Pope's preacher compares child abuse row to anti-Semitism
MY COMMENT: So this is the man who preaches to the Pope. With respect, the accusations against the Pope are specifically about what he personally did and did not do in relation to stopping child abuse by people over whom he had control. This bears no comparison with anti-semitism.

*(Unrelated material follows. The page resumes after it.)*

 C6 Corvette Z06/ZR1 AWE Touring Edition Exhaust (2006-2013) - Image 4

It sounds like a smoke-screen to me.Rev Raniero Cantalamessa is the only person allowed to preach to the Pope
Pope Benedict's personal preacher has compared criticism of the pontiff and Church over child abuse to "collective violence" suffered by the Jews.

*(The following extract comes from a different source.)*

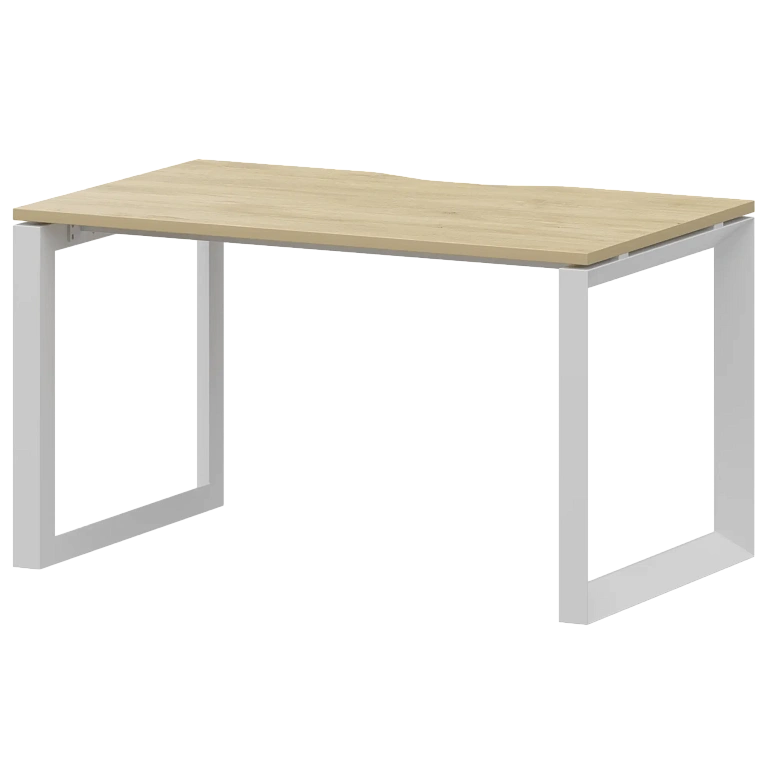 стол на металлокаркасе protech нтмп.о-120 баттл рок/белый фото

The Rev Raniero Cantalamessa was speaking at Good Friday prayers in St Peter's Basilica, attended by the Pope.
In his sermon, he quoted a Jewish friend as saying the accusations reminded him of the "more shameful aspects of anti-Semitism".
Thousands of pilgrims are in Rome for the Easter rituals.
Father Cantalamessa said Jews throughout history had been the victims of "collective violence" and drew a comparison with recent attacks on the Church.
He read the congregation part of a letter from a Jewish friend who said he was "following with disgust the violent and concentric attacks against the Church, the Pope...
"The use of stereotypes, the shifting of personal responsibility and guilt to a collective guilt remind me of the most shameful aspects of anti-Semitism," he quoted from the letter.
Father Cantalamessa, the preacher to the papal household, is the only person allowed to preach to the Pope.
The BBC's David Willey, in Rome, says the comments show the Church is continuing to defend itself rigorously and outspokenly against accusations of having covered up child abuse.
Rabbi Gary Greenebaum, of the American Jewish Committee, called Father Cantalamessa's comments "an unfortunate use of language", AP news agency reported.
"The collective violence against the Jews resulted in the death of six million, while the collective violence spoken of here has not led to murder and destruction, but perhaps character assault," he said.
The Roman Catholic Church has been embroiled in fresh allegations of child sex abuse by priests, most recently in Germany.
The Pope has been accused of failing to take action against a suspected abuser during his tenure as archbishop of Munich - a claim the Vatican strongly denies.
Critics also say that when he was head of the Vatican office dealing with sex abuse, he did not act against a US priest who is thought to have abused some 200 deaf boys.
Later on Friday, the Pope is due to take part in the Way of the Cross procession at Rome's Colosseum commemorating Christ's crucifixion. While there he is expected to deliver a short homily.